GEREKÇE : Dava, YİDK marka kararı iptali istemine ilişkindir.
İnceleme, 6100 sayılı HMK’nın 355. madde hükmü uyarınca istinaf dilekçesinde belirtilen sebeplerle sınırlı olarak ve kamu düzenine aykırı hususların olup olmadığı gözetilerek yapılmıştır.

Dosya kapsamı, mevcut delil durumu ve ileri sürülen istinaf sebepleri dikkate alındığında mahkemenin vakıa ve hukuki değerlendirmesinde usul ve esas yönünden yasaya aykırılık bulunmadığı ve “…” ibaresinin Yunanca “yeni” anlamına gelip, önünde kullanıldığı sözcüğe “yeni” anlamını katan bir kelime olduğu, ticaret hayatından sosyal hayata kadar pek çok alanda yaygın şekilde kullanıldığı, dolayısıyla zayıf bir ibare ibare olup, davacının da bunu öngörmesi ve aynı ibarenin başka sözcüklerin ilavesiyle başka kişilerce marka olarak kullanılmasına katlanmasının gerektiği, anılan ibarenin kimsenin tekeline bırakılamayacağı, somut uyuşmazlıkta da başvuruda yer alan diğer ibare, şekil ve renk unsurları ile davacı markalarından ayırt ediciliğin sağlandığı, dolayısıyla mahkemece tarafların markaları arasında SMK’nın 6/1. maddesi anlamında iltibas tehlikesinin söz konusu olmadığı, davanın reddine karar verilmesinde bir isabetsizliğin bulunmadığı anlaşılmakla, davacı vekilinin istinaf başvurusunun esas yönünden reddine dair hüküm kurmak gerekmiştir.
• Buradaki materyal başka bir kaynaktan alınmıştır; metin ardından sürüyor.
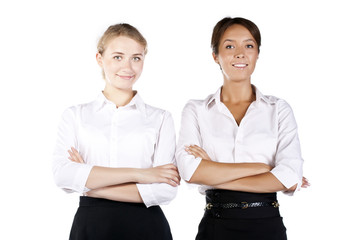 Portrait of two young businesswomen in the studio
HÜKÜM : Gerekçesi yukarıda belirtildiği üzere;
1-Davacı vekilinin istinaf başvurusunun HMK’nın 353/1-b.1 maddesi gereğince ESASTAN REDDİNE,
2-Alınması gereken 80,70-TL maktu istinaf karar ve ilam harcından, davacı vekili tarafından istinaf başvurusunda yatırılan 54,40-TL istinaf karar ve ilam harcının mahsubu ile bakiye 26,30-TL’nin davacıdan tahsili ile hazineye irat kaydına,
3-İstinaf aşamasında davacı tarafından yapılan yargılama giderlerinin davacı uhdesinde bırakılmasına,
4-İstinaf aşamasında duruşma açılmadığından taraflar lehine vekalet ücreti takdirine yer olmadığına,
Dosya üzerinde yapılan inceleme sonucunda oybirliği ile 08/12/2022 tarihinde HMK 361. maddesi uyarınca kararın tebliğinden itibaren iki hafta içerisinde temyiz yolu açık olmak üzere karar verildi.

GEREKÇELİ KARARIN YAZILDIĞI TARİH : 02/01/2023

Başkan

Üye

Üye

Katip

Bu belge 5070 sayılı Yasa hükümlerine göre elektronik olarak imzalanmıştır.